_Task directions_
Copy only what lies from the line containing "Aandeel Rotterdammers op" through the line containing "Aussa the Earth" in the entries below, keeping both end lines exact and dropping every picture.

_Given data_
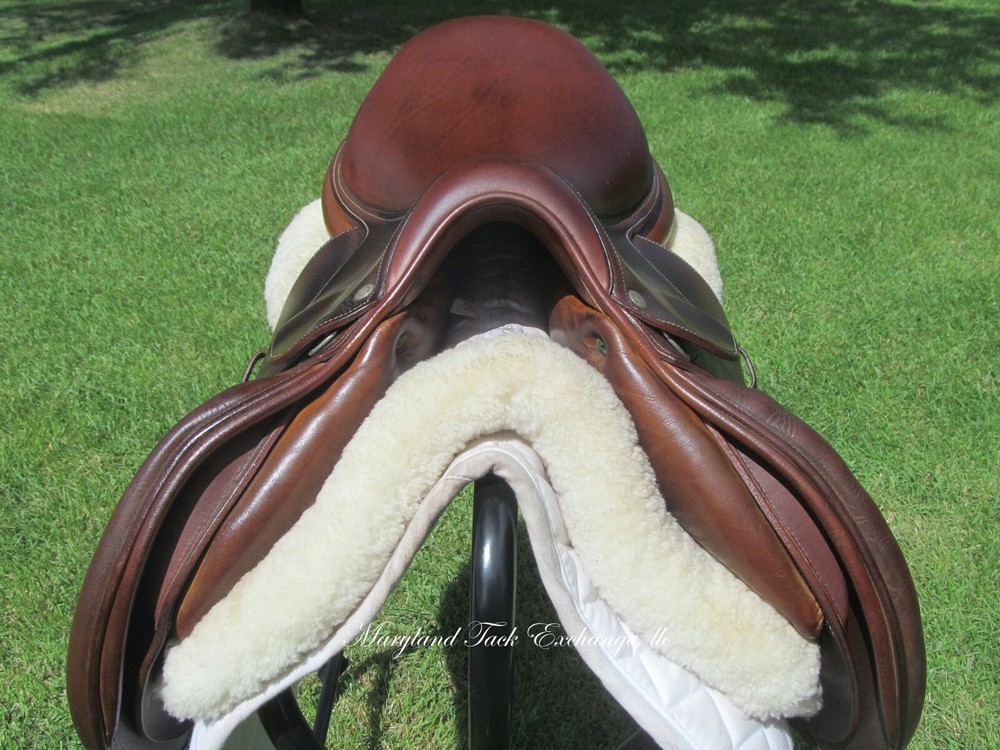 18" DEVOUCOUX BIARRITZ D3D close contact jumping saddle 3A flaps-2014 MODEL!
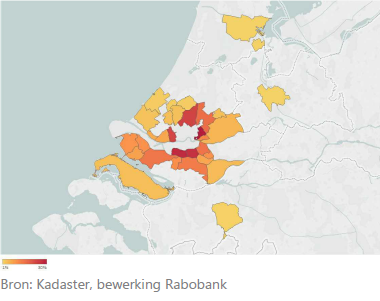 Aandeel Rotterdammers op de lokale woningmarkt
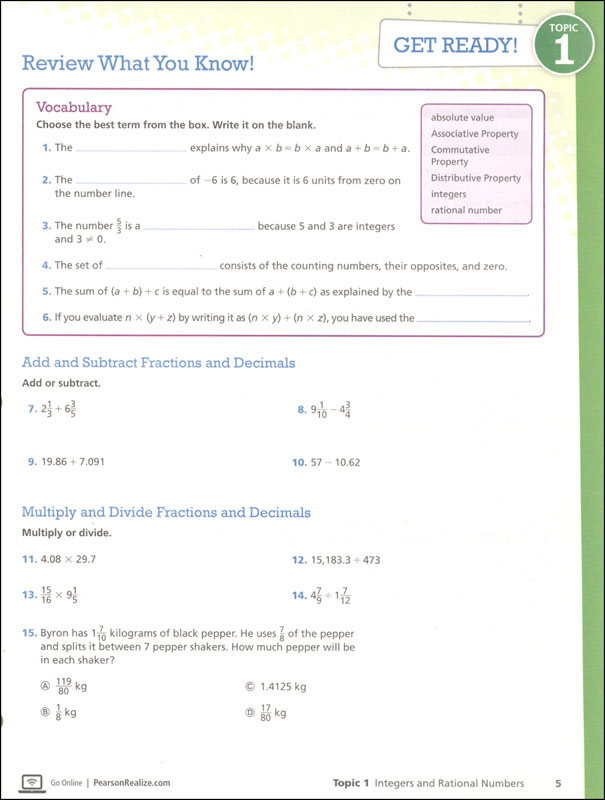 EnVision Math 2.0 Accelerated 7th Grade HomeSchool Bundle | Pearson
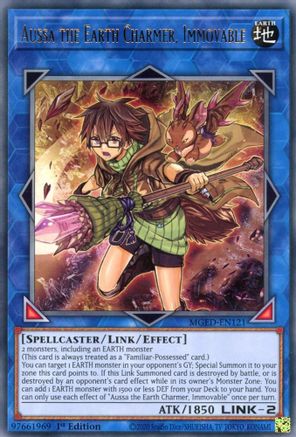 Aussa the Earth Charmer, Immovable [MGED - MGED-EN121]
* * *
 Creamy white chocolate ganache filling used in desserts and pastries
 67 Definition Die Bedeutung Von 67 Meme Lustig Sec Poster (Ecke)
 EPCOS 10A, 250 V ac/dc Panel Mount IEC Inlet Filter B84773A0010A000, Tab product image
...
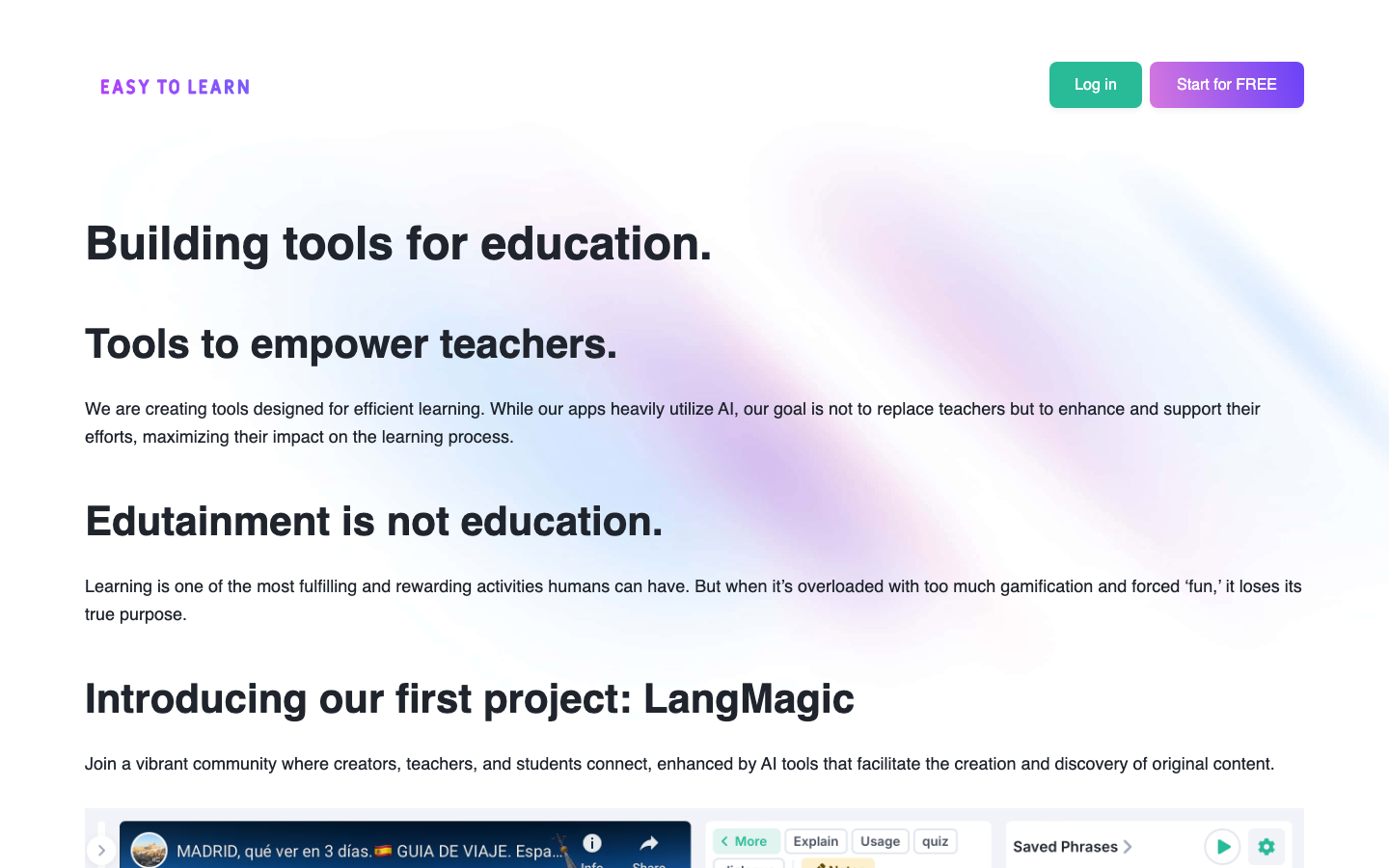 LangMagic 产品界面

_Response area_
 Aandeel Rotterdammers op de lokale woningmarkt
 EnVision Math 2.0 Accelerated 7th Grade HomeSchool Bundle | Pearson
 Aussa the Earth Charmer, Immovable [MGED - MGED-EN121]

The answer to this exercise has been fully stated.